When Hopkins and Stearne turn their attentions on a young woman and her uncle, a village priest, they invoke the wrath of her fiancé, an officer in Cromwell’s army. The officer is played by Ian Ogilvy, naturally, and his pursuit of the Witchfinder General is relentless and his revenge bloody.

WitchfinderPoster

Michael Reeves coaxes an outstanding performance from Price, though their relationship was not without friction.

   PRICE (V.O.)

I have made eighty-four movies, young man. How many have you made?

   REEVES (V.O.)

Two very good ones.

   NARRATOR (V.O.)

But the star of Witchfinder General is the landscape of Suffolk. Its woods, its rolling meadows, its country lanes, its villages. But, above all else, the skyscapes of Suffolk, which Reeves presents as almost Turneresque in their glowering beauty. These skies are captured with painterly craftsmanship by John Coquillon using his trusty Arriflex camera.

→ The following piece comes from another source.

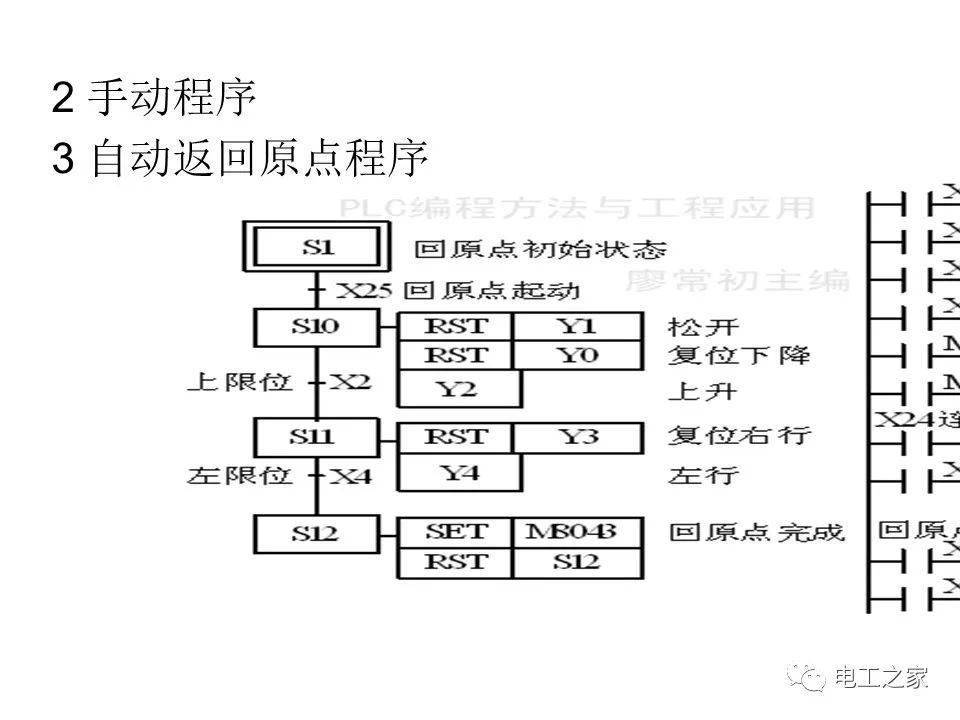 plc顺序控制梯形图的编程方式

FOOTAGE FROM WITCHFINDER GENERAL BEHIND VOICE OVER, SUFFOLK LANDSCAPE AND SKIES

   NARRATOR (V.O.)

Witchfinder General, for all its gore and amorality, is Michael Reeves’s love letter to the county of his childhood; to the landscape of his memory and imagination.

DISSOLVE TO STOCK FOOTAGE OF SWINGING SIXTIES LONDON

   NARRATOR (V.O.)

Following the success of Witchfinder General, Reeves’s career seemed as if it was about to go into overdrive. He was bombarded with scripts and offers from Hollywood. But he subsided into an unexpected depressive inertia, finding comfort only in booze and pills.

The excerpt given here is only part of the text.